■ Exercise details: Pictures appear among the records. Write out all else exactly as it stands.

■ Provided material:
★ ★ ★ ★ ★

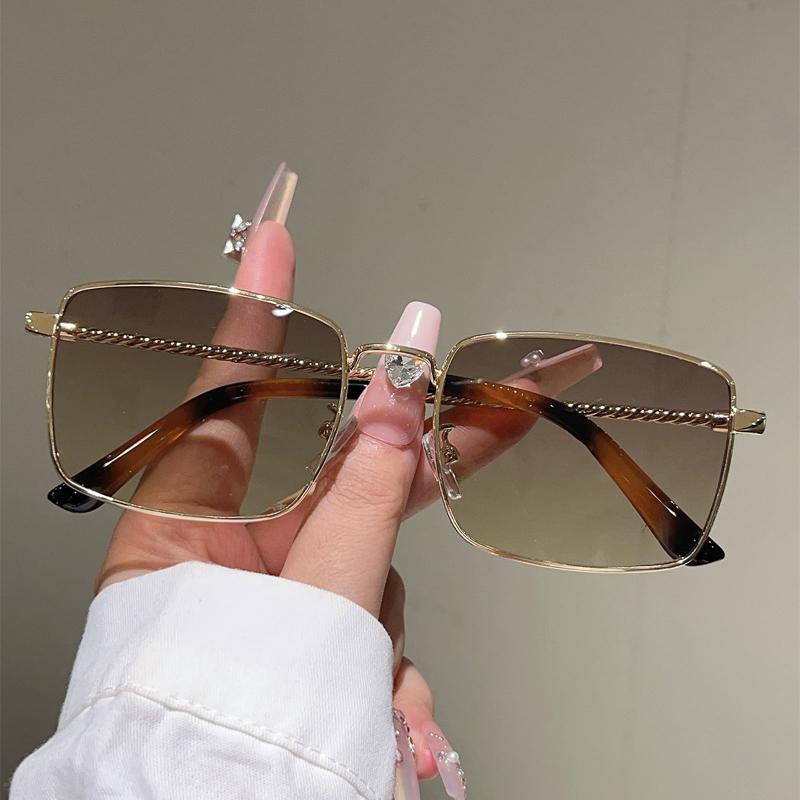 Винтажные квадратные солнцезащитные очки Мужские Модные Полностью металлическая оправа Повседневные солнцезащитные очки Женские Новые Трендовые Ретро Дизайн Декор Затененные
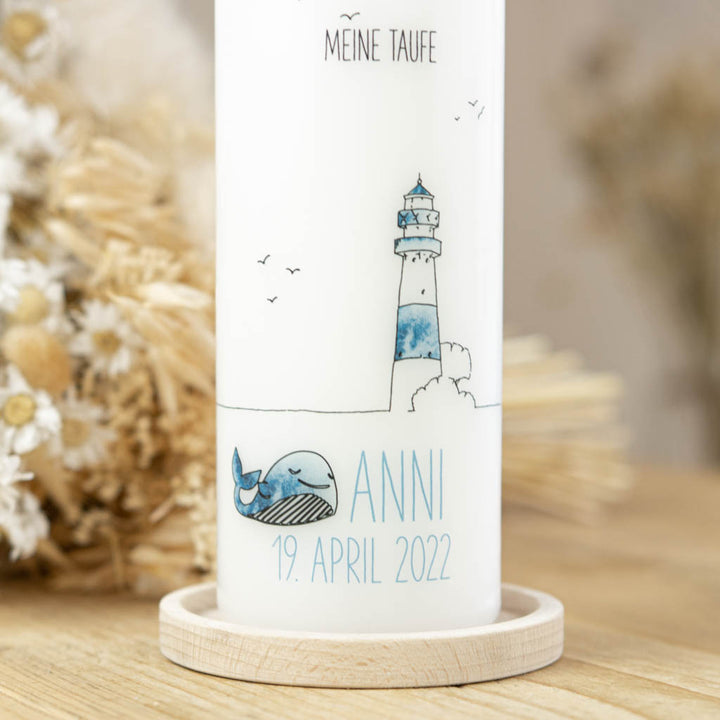 Taufkerze Leuchtturm mit Wal in Blau, personalisiert mit Name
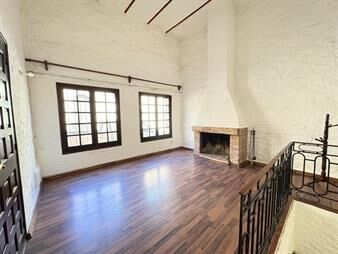 https://www.gallito.com.uy/gran-propiedad-multifamiliar-o-empresa-a-mts-tres-cruces-inmuebles-27738731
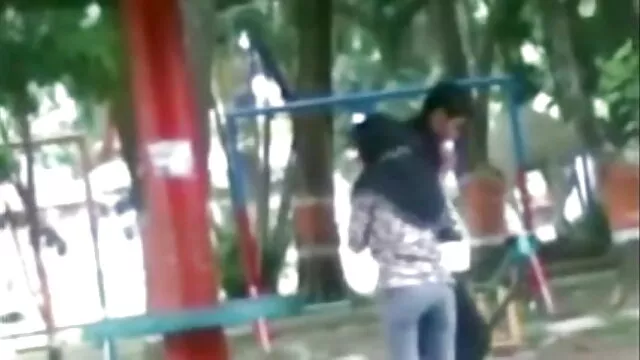 पत्नी अपने पुरुष को एक आनंद की महिला बना हम सेक्सी मूवी देती है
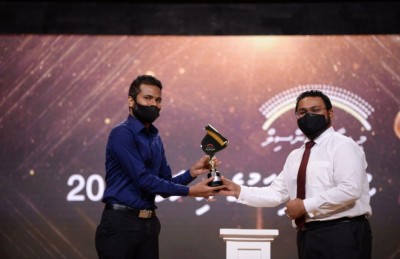 ހަތަރު ދާއިރާއަކުން ނޫސްވެރިކަމުގެ އެވޯޑު "މިހާރު" އަށް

★ ★ ★ ★ ★

■ Your solution:
 Винтажные квадратные солнцезащитные очки Мужские Модные Полностью металлическая оправа Повседневные солнцезащитные очки Женские Новые Трендовые Ретро Дизайн Декор Затененные
 Taufkerze Leuchtturm mit Wal in Blau, personalisiert mit Name
 https://www.gallito.com.uy/gran-propiedad-multifamiliar-o-empresa-a-mts-tres-cruces-inmuebles-27738731
 पत्नी अपने पुरुष को एक आनंद की महिला बना हम सेक्सी मूवी देती है
 ހަތަރު ދާއިރާއަކުން ނޫސްވެރިކަމުގެ އެވޯޑު "މިހާރު" އަށް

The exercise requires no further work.